Every line below is to be set down again exactly; any image stays out.

↓

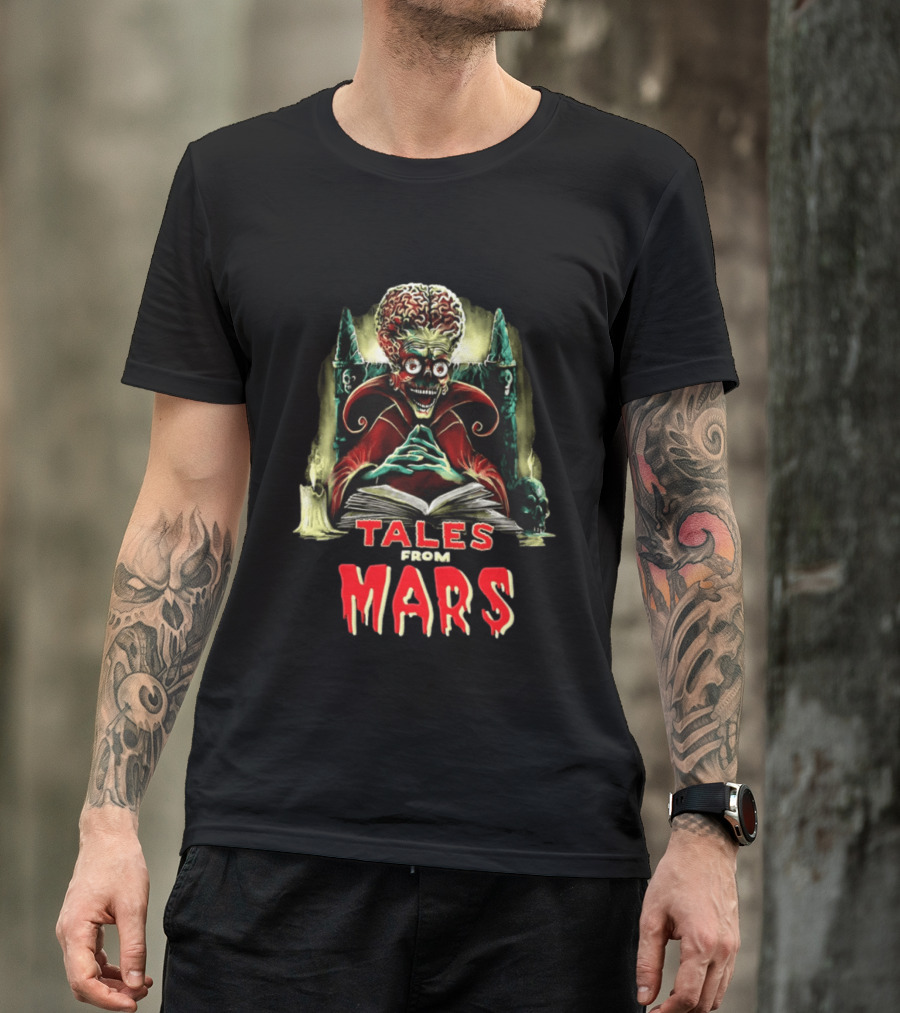 Mars Attacks Tales From Mars Alien Reading Book T-Shirt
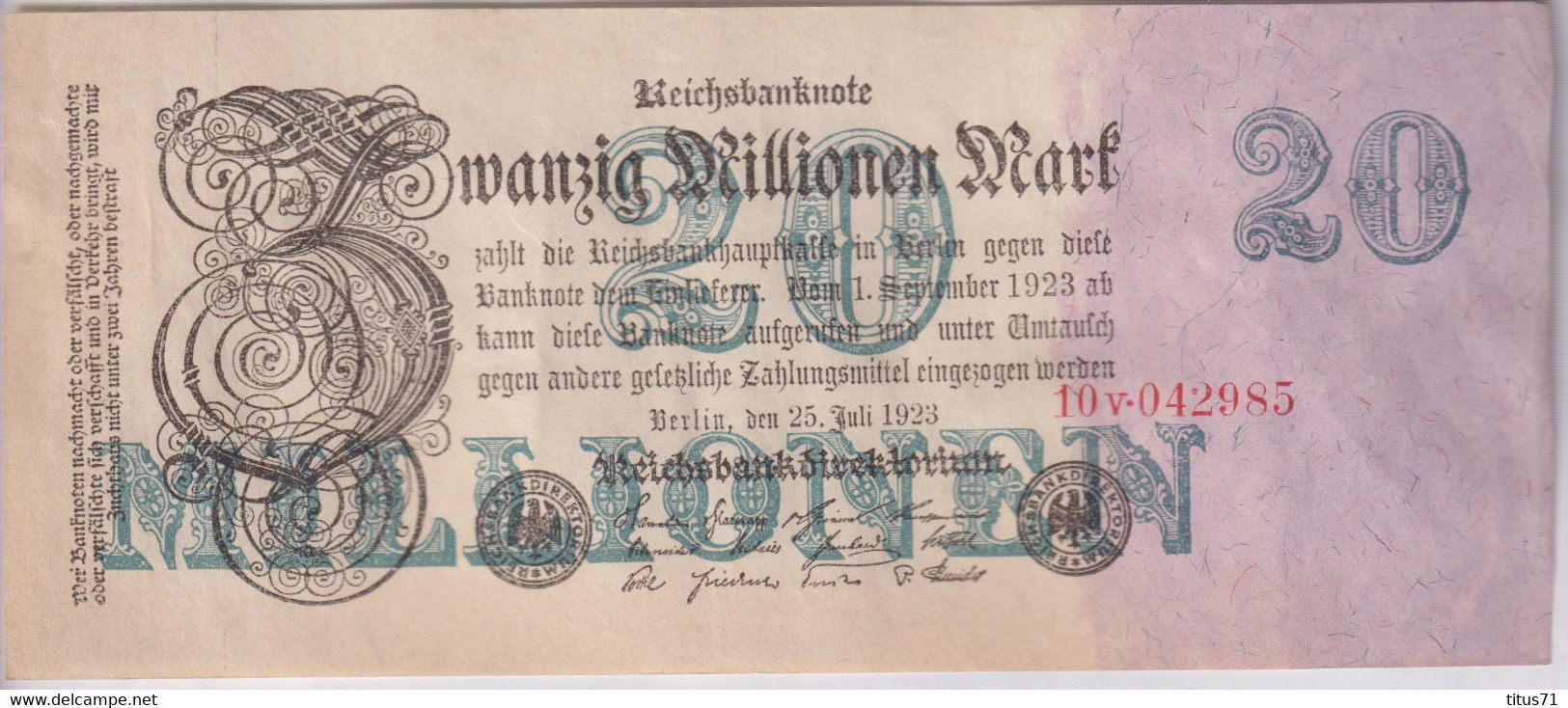 Notgeld Allemagne 20 Millionen Mark Reichsbanknote - 25/07/1923 - Sup / XF - 20 Mio. Mark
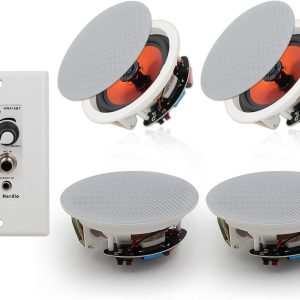 Herdio 6.5'' Bluetooth in Wall in Ceiling Speakers 600W 2-Way Flush Mount Speakers System with Wall Amplifier Receiver for Home Theater Office Bathroom(2Pairs, Paintable-Grille)
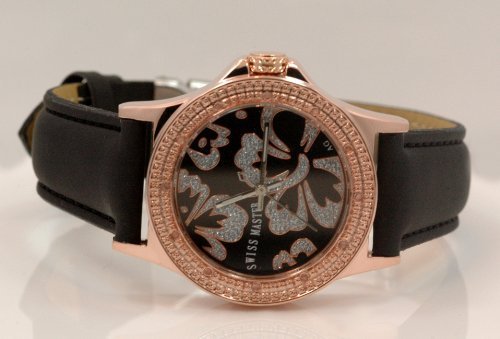 Swiss Master Ladies Open Heart Diamond Watch 0.12ctw H105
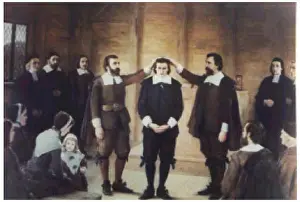 Ordination Prints: English: Nineteenth-century painting depicting the ordination of Thomas Carter (1608-168) as minister of Woburn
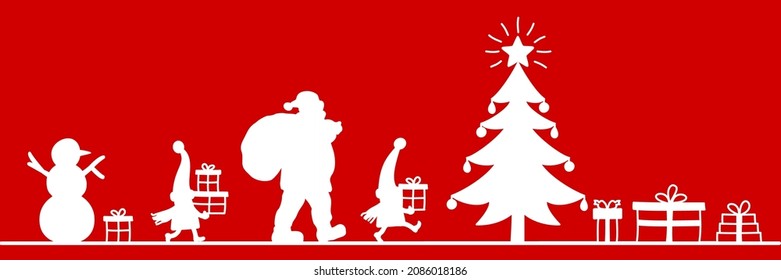 Christmas card with Santa Claus, Christmas elves, snowman, Christmas tree and gifts on red background - stock vector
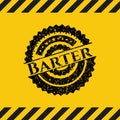Barter inside warning sign, black grunge emblem. Vector Illustration. Detailed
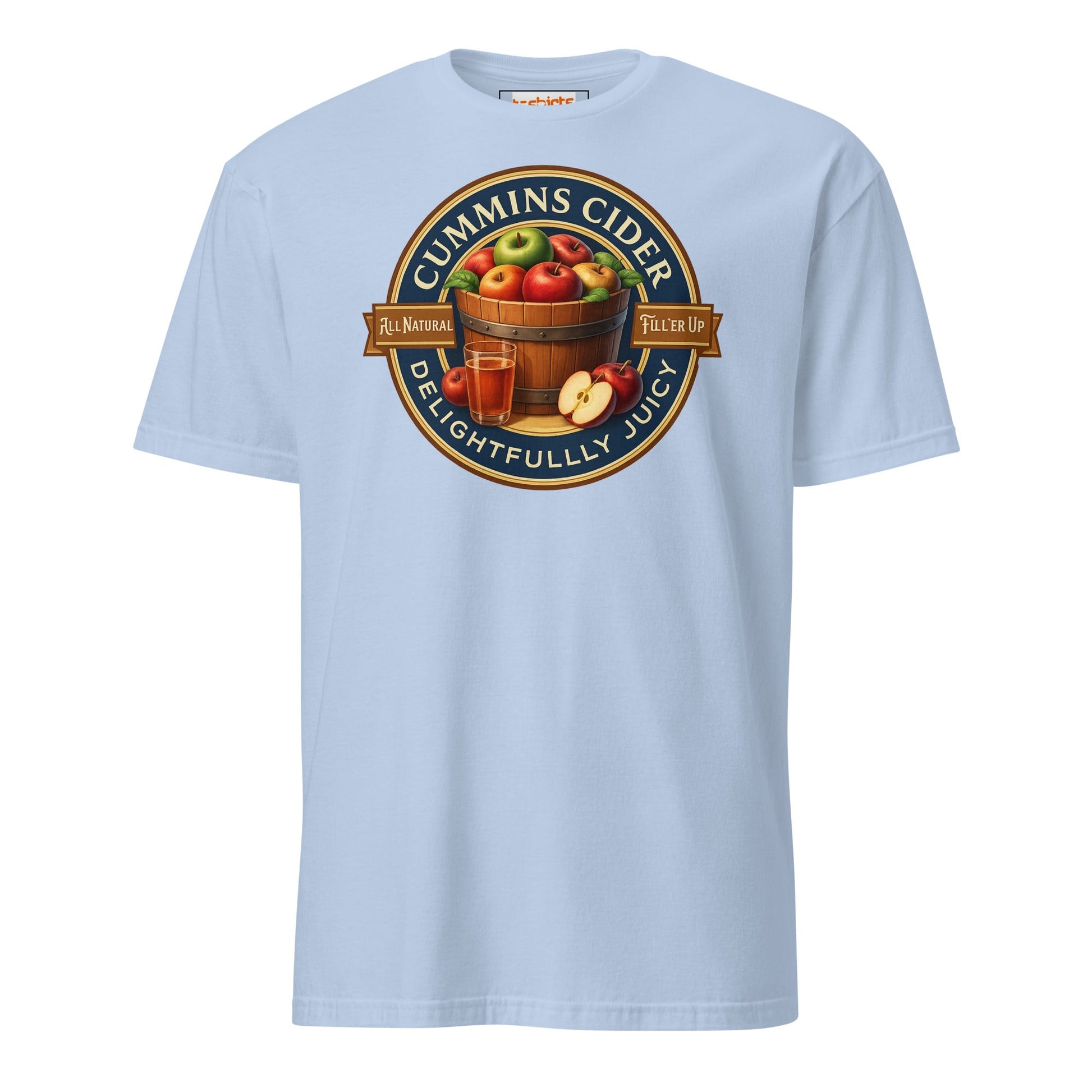 Cummins Cider T-Shirt | Hilarious Adult Cider Pun Tee - Light Blue - T-Shirts Online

↑

PROBLEM SOLUTION
 Mars Attacks Tales From Mars Alien Reading Book T-Shirt
 Notgeld Allemagne 20 Millionen Mark Reichsbanknote - 25/07/1923 - Sup / XF - 20 Mio. Mark
 Herdio 6.5'' Bluetooth in Wall in Ceiling Speakers 600W 2-Way Flush Mount Speakers System with Wall Amplifier Receiver for Home Theater Office Bathroom(2Pairs, Paintable-Grille)
 Swiss Master Ladies Open Heart Diamond Watch 0.12ctw H105
 Ordination Prints: English: Nineteenth-century painting depicting the ordination of Thomas Carter (1608-168) as minister of Woburn
 Christmas card with Santa Claus, Christmas elves, snowman, Christmas tree and gifts on red background - stock vector
Barter inside warning sign, black grunge emblem. Vector Illustration. Detailed
 Cummins Cider T-Shirt | Hilarious Adult Cider Pun Tee - Light Blue - T-Shirts Online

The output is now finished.